Hope everyone's enjoying it.... has anyone tried pitching it down a couple of octaves hitting a low note very very hard, adding a lot of splosh and doubling with one of the Darwins... Ouch! It sounds like the devil clipping his toenails!


----------



## shakuman (Jan 24, 2013)

*Re: SPITFIRE RELEASE -- GRAND CIMBALOM!! 25% discount period!!*

Awesome! grabbing for sure.. o=?


----------



## reid (Jan 24, 2013)

*Re: SPITFIRE RELEASE -- GRAND CIMBALOM!! 25% discount period!!*

Been using this today on a bunch of stuff, and love the earthy, dark tone it has. No issues with lack of dynamics or rr becoming repetitive - good, intuitive design behind the tremolo function.
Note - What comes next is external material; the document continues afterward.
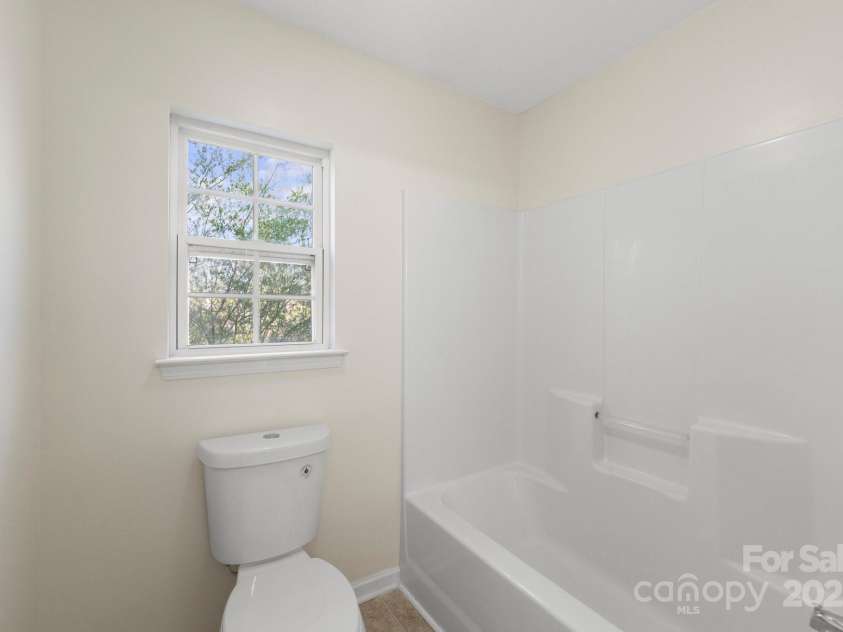 15814 Herring Gull Way, Charlotte, NC 28278.  MLS# CAR4243108, YatesRealty ID 10566.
And a killer price - what's not to like? :mrgreen:


----------



## synapse21 (Jan 24, 2013)

*Re: SPITFIRE RELEASE -- GRAND CIMBALOM!! 25% discount period!!*

Bought this this morning - can't wait to try it out!


----------



## Niah (Jan 24, 2013)

Sounds fantastic guys ! Good to know that you are also giving us these cool instruments.

Just a correction though Portishead didn't actually used the cimbalom they sampled the beginning of "Danube Incident" composed by Lalo Schifrin for the mission impossible TV series.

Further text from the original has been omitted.